Difficile pensare e progettare un futuro quando la parola chiave che domina la nostra esistenza e il nostro paese è una sola: precariato! Un tema senza dubbio attuale e trattato anche, con meno efficacia, da Michela Murgia in Il mondo deve sapere, facendo riferimento al mondo del call-center. Tuttavia l’esito non cambia: la difficoltà di modificare la realtà.

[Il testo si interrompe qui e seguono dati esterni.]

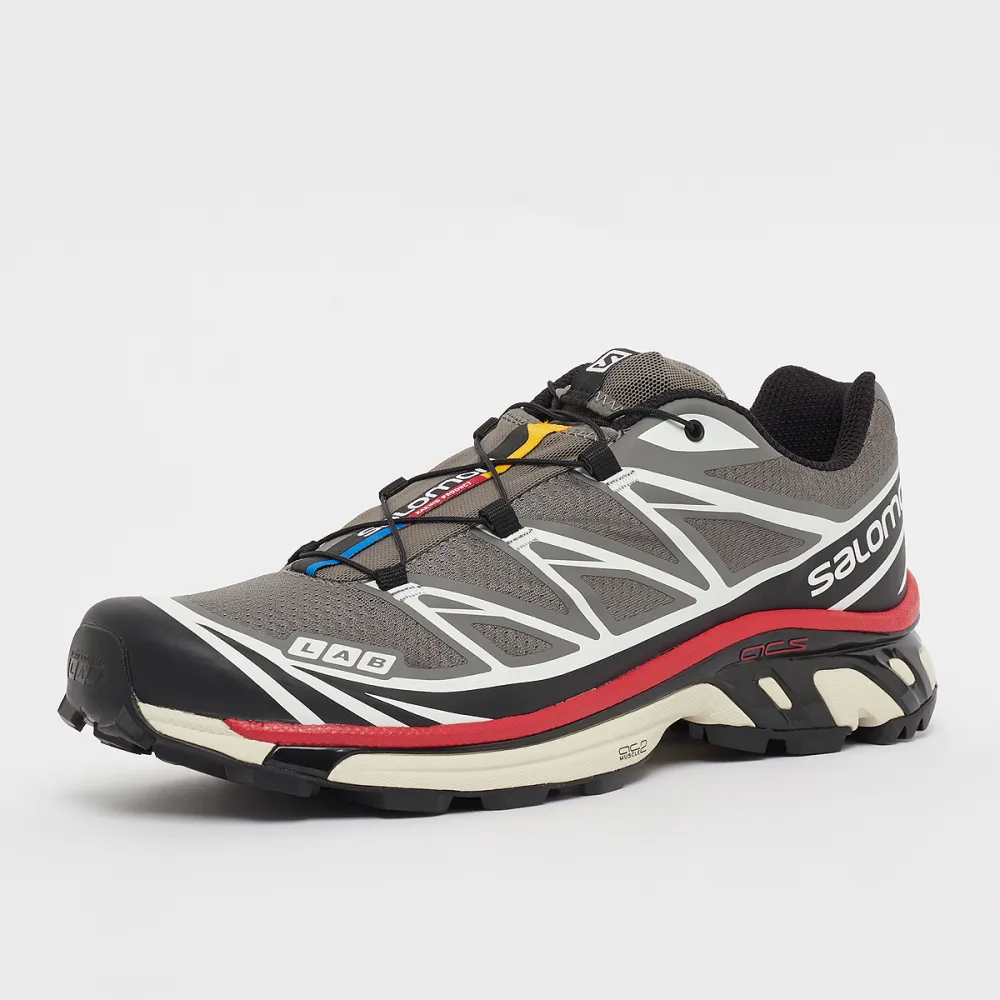 Salomon XT 6 L47293200 / grau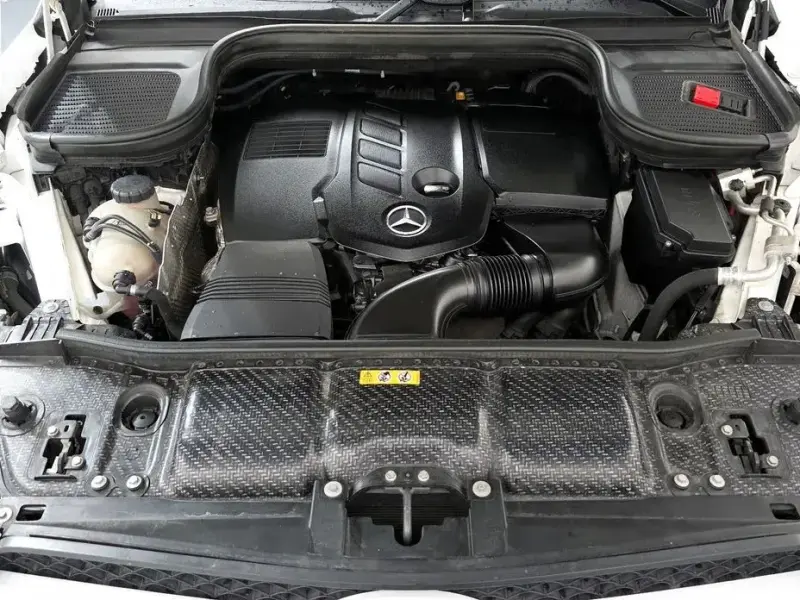 2022 Mercedes-Benz GLE с пробегом 100 691 км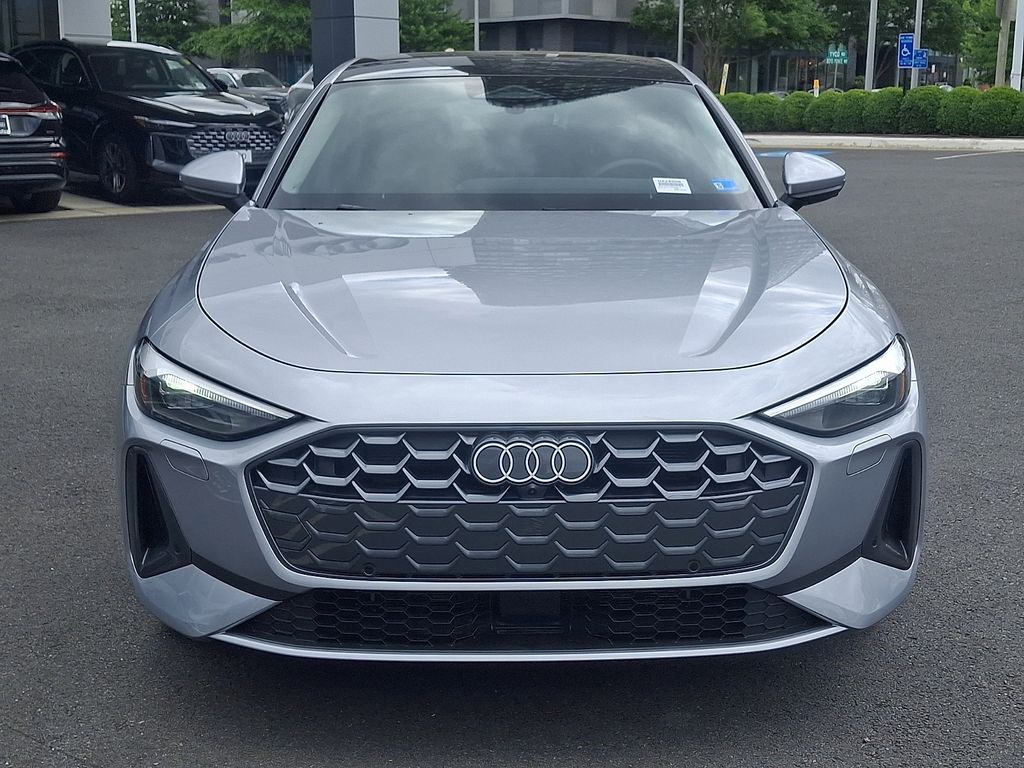Thumbnail: 2025 Audi A5 - 2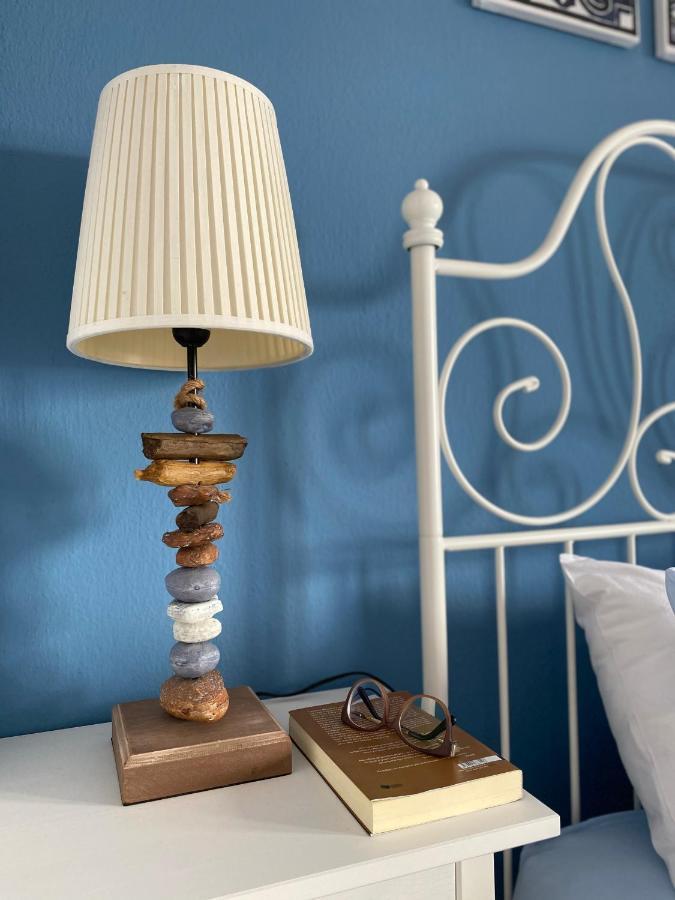 Sea View Villa Anastasia Ієрісос Екстер'єр фото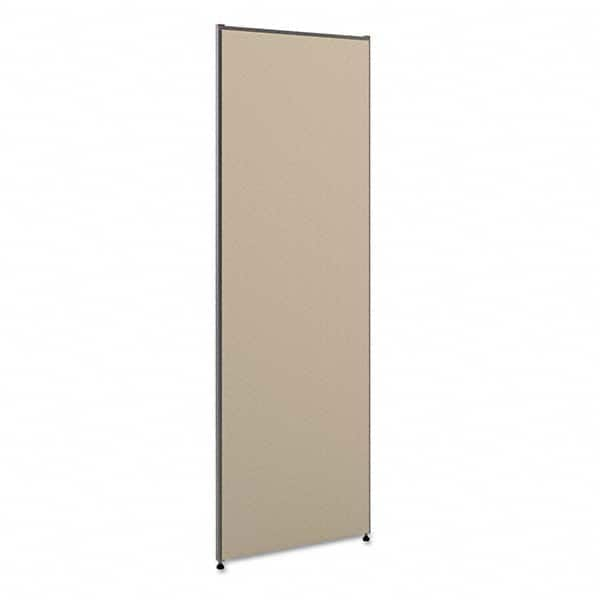 Hon - 72" x 24" Partition & Panel System-Social Distancing Barrier - Makers Industrial Supply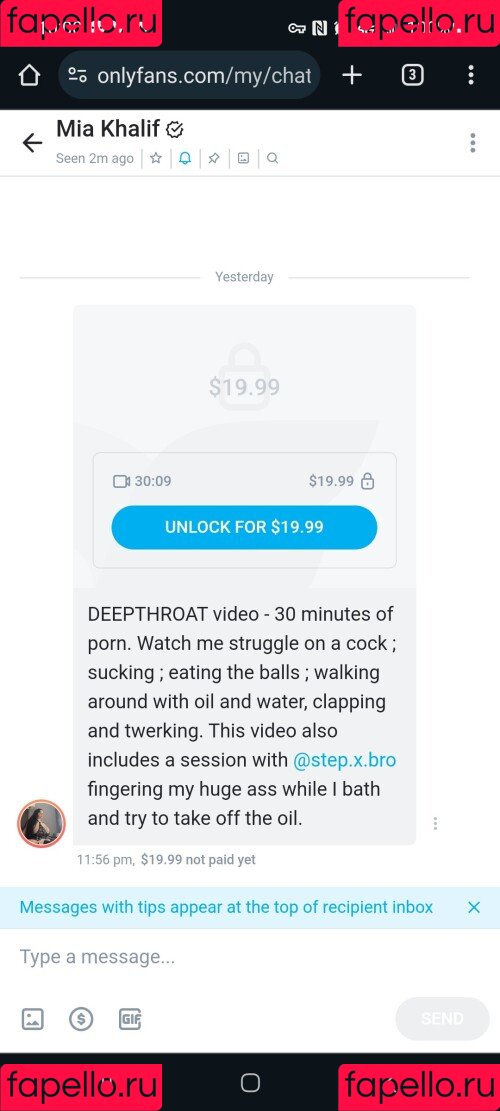 mia.sa.khalif Onlyfans Photo Gallery 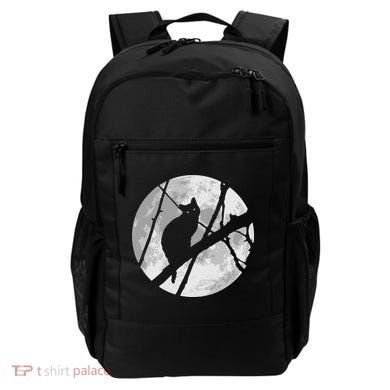 Cat To The Moon Backpack
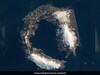 ''Enter If You Dare'': NASA Shares Satellite Image Of 'Deception Island'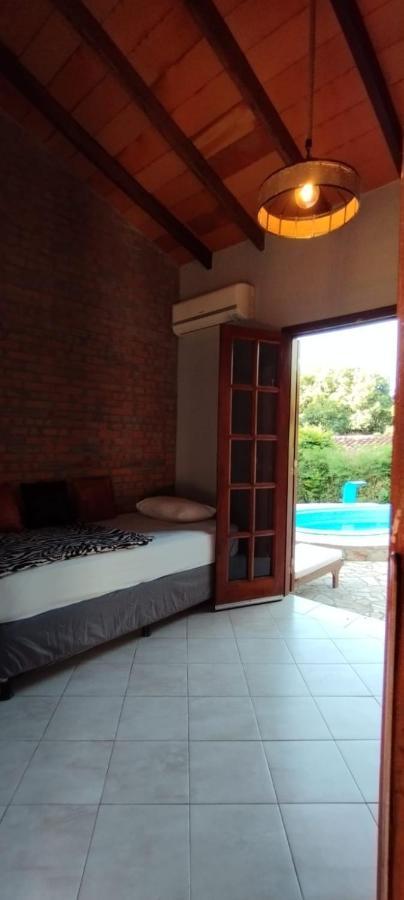 "Nueva La Grappa" Hotel & Posada Altos Eksteriør billede
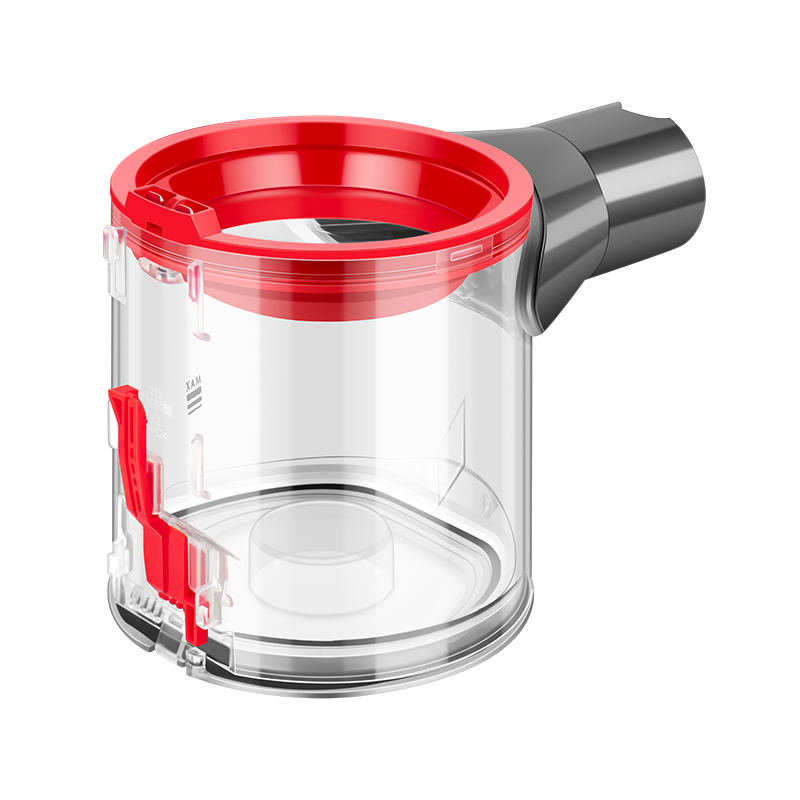 Dust Cup Replacement Fit for Dysons V7/V8/V10/V15 Vacuum Cleaner Spare Parts Dust Bin Accessories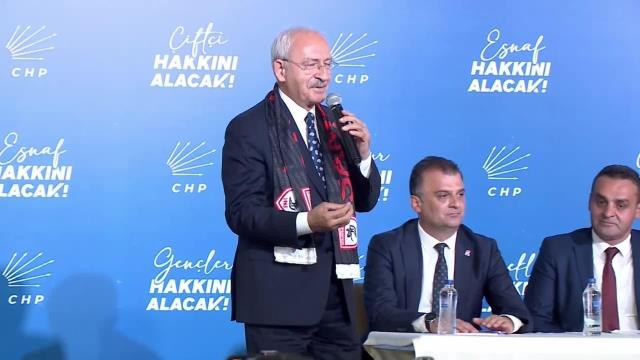 Samsun gündem haberi | CHP Grup Toplantısını Samsun'da Yapan Kılıçdaroğlu: Havadan Para Kazananlar ve Kul Hakkı Yiyenler… Onlarla Benim Hesaplaşmam Var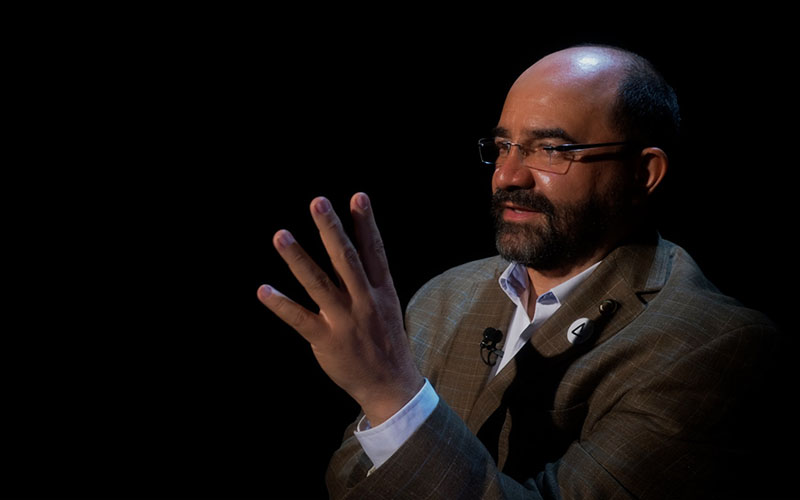 Dice que el Senado es el único freno, contención del Presidente, espacio de discusión serio. (Pablo Gasca Gollás)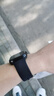 A6华强北S10智能手表大屏全触蓝牙接打电话音乐多功能黑科技运动手环商务学生情侣手表运动手环 A6黑色款1台-【S10旗舰版】全触控蓝牙多功能 实拍图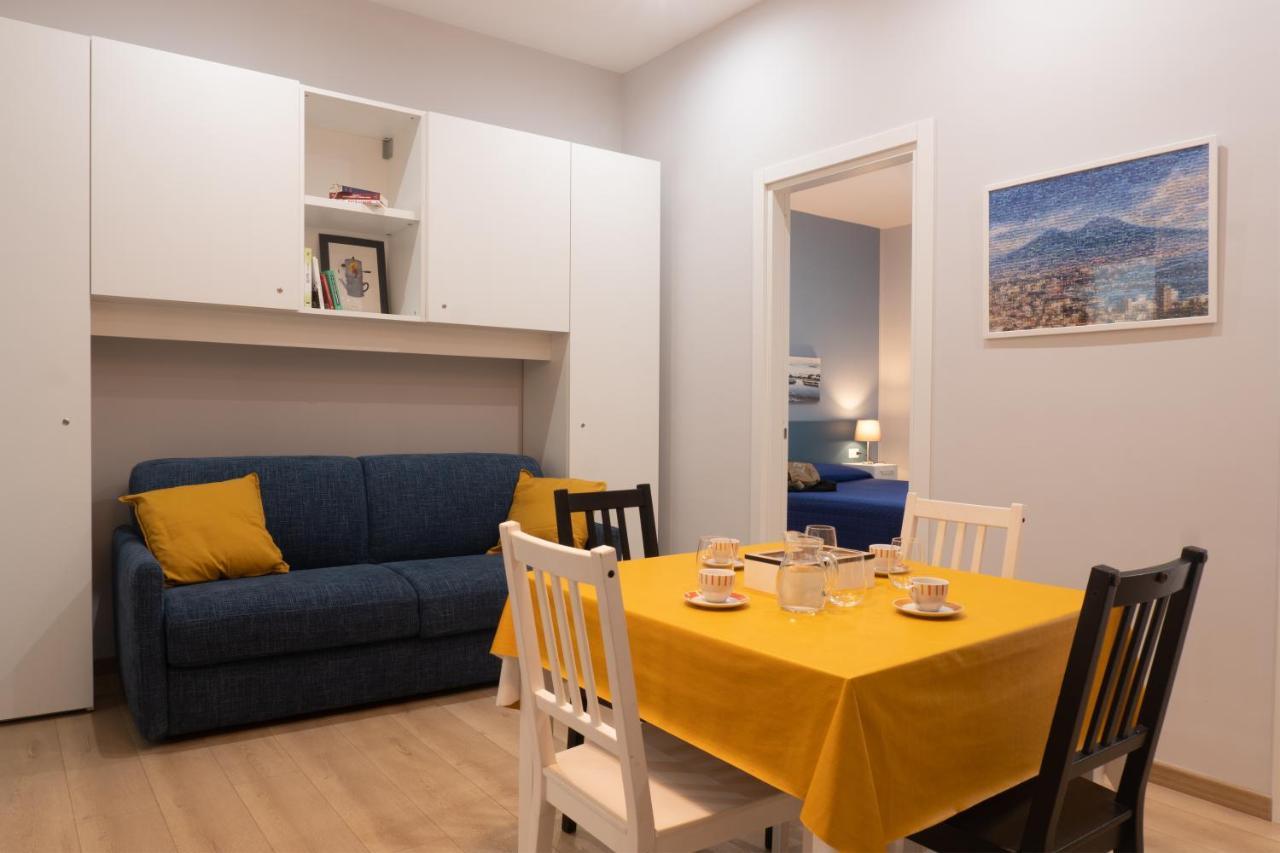 Casa Amato_2_Regina Giovanna Neapol Zewnętrze zdjęcie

Roberto Milano è un giovane laureato. La psioriasi ansiogena divora i suoi gomiti, i contratti a tempo determinato gli divorano l’anima. La sua è una continua corsa contro il tempo a bordo di una bicicletta, con la quale si destreggia tra le strade di Roma per raggiungere ben quattro posti di lavoro: un set cinematografico dove fa la comparsa nei film porno; la casa di un ragazzo al quale fa ripetizioni private o almeno ci prova; una pizzeria per il servizio a domicilio e un bar. A stento queste occupazioni gli permettono di pagare l’affitto e le bollette. Ma cosa fare se nel giro di quarantotto ore si perdono i primi tre? (lascio a voi la scoperta delle cause, davvero singolari ma realistiche). E se anche la speranza di un posto fisso, quello in un fast food, svanisce? E cosa c’entra l’uovo in un test attitudinale? Davanti a un’insolita e inaspettata domanda diventa difficile  mostrarsi sicuro e sentirsi  realmente “quello che stanno cercando”. I buoni propositi (Entro nel fast food ripetendomi che sono io, sono proprio io quello che cercano) svaniscono e con essi la speranza di essere assunto. Cosa fare quindi per sopravvivere? La strada da intraprendere sembra essere solo una e si realizza con la formazione della cosiddetta “Banda dei Precari”. Si tratta di un riscatto (ci avete voluto precari, vabbè prima o poi questa cosa vi si rivolterà contro) messo in atto da Roberto, Marianna, una ragazza spregiudicata, fresca, vitale, e il suo ex fidanzato, Riccardo; un riscatto fatto di rapine e violenza, ma può essere questa la vera soluzione al problema? O meglio, esiste una soluzione?

Dimmi che c’entra l’uovo, opera prima di Fabio Napoli, è un libro ben scritto e oserei dire fresco, dinamico, originale, che racconta la precarietà con ironia.

Simona Leo

Fabio Napoli, Dimmi che c’entra l’uovo, Del Vecchio Editore, pp. 168, euro 14.